One of the rules changes the Atlantic League has agreed to implement is a ban on defensive shifts. The rule it has adopted requires there to be two infielders on either side of second base for each play. Seems straightforward enough, yes? Well, you’d think so. But as Devan Fink of Fangraphs shows in his latest article, it’s a bit more complicated than that.

Fink reports that the shift rule got its first test last week. He has some GIFs of the play in question. James Loney of all people was batting for the Sugar Land Skeeters. He grounded out to second base and was presumably thrown out, but the umps gathered and ended up calling him safe, saying that the second baseman was illegally shifted.

The thing about it: the second baseman was actually on the right side of the infield where he was supposed to be. He was, however, playing out in the shallow right field grass as you often see these days, and the umps ruling was that, because he was so deep, he wasn’t technically on the infield.

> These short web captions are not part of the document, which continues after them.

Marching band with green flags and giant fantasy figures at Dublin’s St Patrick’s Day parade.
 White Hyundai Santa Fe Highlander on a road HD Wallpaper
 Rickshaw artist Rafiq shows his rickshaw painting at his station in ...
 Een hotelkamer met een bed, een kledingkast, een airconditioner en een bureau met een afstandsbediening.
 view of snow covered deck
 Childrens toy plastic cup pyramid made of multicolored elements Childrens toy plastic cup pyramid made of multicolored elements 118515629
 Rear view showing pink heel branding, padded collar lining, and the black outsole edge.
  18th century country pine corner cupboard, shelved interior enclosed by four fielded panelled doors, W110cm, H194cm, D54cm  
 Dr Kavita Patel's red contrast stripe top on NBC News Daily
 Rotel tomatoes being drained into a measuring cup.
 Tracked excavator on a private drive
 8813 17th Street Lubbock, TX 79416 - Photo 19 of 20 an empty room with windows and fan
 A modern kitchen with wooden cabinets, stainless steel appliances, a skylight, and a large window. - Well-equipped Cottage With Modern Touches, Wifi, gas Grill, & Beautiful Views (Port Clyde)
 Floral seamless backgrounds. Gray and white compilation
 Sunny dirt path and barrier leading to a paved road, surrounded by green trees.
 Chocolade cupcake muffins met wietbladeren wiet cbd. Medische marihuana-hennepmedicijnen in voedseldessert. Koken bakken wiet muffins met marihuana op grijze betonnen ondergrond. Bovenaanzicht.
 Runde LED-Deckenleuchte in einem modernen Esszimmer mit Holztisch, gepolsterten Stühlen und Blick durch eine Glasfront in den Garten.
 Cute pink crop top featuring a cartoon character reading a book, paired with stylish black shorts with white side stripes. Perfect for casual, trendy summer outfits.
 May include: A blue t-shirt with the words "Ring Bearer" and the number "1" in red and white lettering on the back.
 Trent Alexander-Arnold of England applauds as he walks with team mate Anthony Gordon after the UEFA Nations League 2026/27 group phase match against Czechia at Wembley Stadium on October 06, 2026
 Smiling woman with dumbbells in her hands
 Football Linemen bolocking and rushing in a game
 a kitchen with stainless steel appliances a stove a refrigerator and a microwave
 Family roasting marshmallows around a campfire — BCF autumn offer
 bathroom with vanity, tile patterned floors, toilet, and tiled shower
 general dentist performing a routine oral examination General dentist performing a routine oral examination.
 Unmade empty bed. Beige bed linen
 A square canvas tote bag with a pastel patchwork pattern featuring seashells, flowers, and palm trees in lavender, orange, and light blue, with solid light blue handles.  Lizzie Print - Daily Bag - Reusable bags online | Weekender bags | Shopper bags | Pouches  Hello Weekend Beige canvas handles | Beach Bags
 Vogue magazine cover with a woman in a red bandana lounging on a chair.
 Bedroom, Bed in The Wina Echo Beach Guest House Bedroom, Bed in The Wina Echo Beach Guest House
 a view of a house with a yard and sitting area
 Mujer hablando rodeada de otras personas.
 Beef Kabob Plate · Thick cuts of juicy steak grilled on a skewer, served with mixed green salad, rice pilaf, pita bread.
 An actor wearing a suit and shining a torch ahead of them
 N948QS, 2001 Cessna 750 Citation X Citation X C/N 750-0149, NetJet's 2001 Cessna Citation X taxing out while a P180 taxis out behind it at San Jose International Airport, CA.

All of that required a meeting and some replay and, as Fink notes, they probably still got the call wrong because they’re not supposed to award the batter a base but, rather, the ball is supposed to be dead and a ball charged to the pitcher. It was kind of a mess, which is something you might expect from the early stages of any kind of experiment. You figure that, eventually, they’ll clean that kind of mess up.

In the meantime, I’m struggling to think how this improves baseball any. Because last I checked, no one has been clamoring for more meetings, replays and rules interpretations in the game. To the contrary, the point was to create more action.